Freeset
- Established: 2001
- Location: India
- Website: https://joyya.com/

= Freeset =

Group of social enterprises in West Bengal, India

Freeset, now known as Joyya, is a group of social enterprises with the stated goal of creating employment opportunities for women affected by sex trafficking in West Bengal, India. In 2021, Joyya was awarded an A+ by Tearfund's Ethical Fashion Report.

Freeset was founded in 2001 by Kerry and Annie Hilton. It began by employing 20 local women from the Sonagacchi red-light district who were in Kolkata's sex trade, who produced jute bags for export.
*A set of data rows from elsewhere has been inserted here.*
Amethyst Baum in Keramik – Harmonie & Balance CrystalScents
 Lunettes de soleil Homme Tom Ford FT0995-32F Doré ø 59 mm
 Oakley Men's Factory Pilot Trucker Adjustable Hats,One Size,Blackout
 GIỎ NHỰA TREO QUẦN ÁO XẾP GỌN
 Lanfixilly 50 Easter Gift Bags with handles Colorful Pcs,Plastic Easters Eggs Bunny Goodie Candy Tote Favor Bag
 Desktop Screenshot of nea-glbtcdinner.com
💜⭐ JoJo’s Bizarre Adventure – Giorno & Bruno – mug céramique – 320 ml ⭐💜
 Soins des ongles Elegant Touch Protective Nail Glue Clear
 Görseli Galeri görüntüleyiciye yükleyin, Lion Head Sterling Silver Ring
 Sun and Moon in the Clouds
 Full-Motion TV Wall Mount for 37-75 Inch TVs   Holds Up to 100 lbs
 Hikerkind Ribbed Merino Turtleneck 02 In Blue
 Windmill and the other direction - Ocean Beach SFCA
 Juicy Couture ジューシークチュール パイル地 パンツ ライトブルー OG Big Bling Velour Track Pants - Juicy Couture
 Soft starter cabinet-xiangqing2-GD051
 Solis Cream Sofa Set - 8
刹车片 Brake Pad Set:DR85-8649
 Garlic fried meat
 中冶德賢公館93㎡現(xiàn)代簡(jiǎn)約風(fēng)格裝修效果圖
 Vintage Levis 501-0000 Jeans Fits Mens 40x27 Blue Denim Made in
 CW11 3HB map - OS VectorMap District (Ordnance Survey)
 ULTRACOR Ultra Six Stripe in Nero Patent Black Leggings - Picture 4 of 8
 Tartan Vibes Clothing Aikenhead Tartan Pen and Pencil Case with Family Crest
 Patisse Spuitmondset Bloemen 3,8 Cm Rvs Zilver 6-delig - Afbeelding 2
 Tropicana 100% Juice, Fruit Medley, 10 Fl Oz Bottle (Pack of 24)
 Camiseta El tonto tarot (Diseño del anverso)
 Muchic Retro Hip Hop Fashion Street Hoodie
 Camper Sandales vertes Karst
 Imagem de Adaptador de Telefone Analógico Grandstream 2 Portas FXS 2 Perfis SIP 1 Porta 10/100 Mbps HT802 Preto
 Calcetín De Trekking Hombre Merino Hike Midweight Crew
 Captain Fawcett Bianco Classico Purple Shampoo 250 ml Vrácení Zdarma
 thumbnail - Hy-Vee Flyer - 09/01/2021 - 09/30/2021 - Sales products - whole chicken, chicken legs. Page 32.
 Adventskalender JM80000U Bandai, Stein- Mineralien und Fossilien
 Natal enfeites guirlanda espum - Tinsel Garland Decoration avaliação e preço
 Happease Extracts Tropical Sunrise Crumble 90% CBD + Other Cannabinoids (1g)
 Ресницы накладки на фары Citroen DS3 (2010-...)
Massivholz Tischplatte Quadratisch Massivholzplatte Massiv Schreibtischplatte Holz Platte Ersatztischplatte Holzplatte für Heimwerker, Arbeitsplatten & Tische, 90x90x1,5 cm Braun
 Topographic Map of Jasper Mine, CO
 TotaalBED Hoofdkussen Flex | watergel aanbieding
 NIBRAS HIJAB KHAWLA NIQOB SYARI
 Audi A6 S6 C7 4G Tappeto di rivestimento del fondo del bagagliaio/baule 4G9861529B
The name was changed to Joyya in 2021. The business has three parts: 'Joyya Goods', the business arm which offers employment and produces textile goods, 'Joyya Collective', the social arm which collaborates with a range of aligned businesses and NGOs, and 'Joyya Neighbours', the relational arm which focuses on participating in local community.

The Freeset name is still used by the Freeset Business Incubator, which is based in Kolkata, West Bengal. They have three focus areas: Vocational Training, Business Development and Job Preparation.

==Sources==
- Cadacio, Jodeal (13/11/2009). "Freeing women from sex trade". North Shore Times.
- Chanwai-Earle, Lynda (20/7/2015). "Freedom from Calcutta's sex slave trade - Freeset, India". Radio New Zealand National.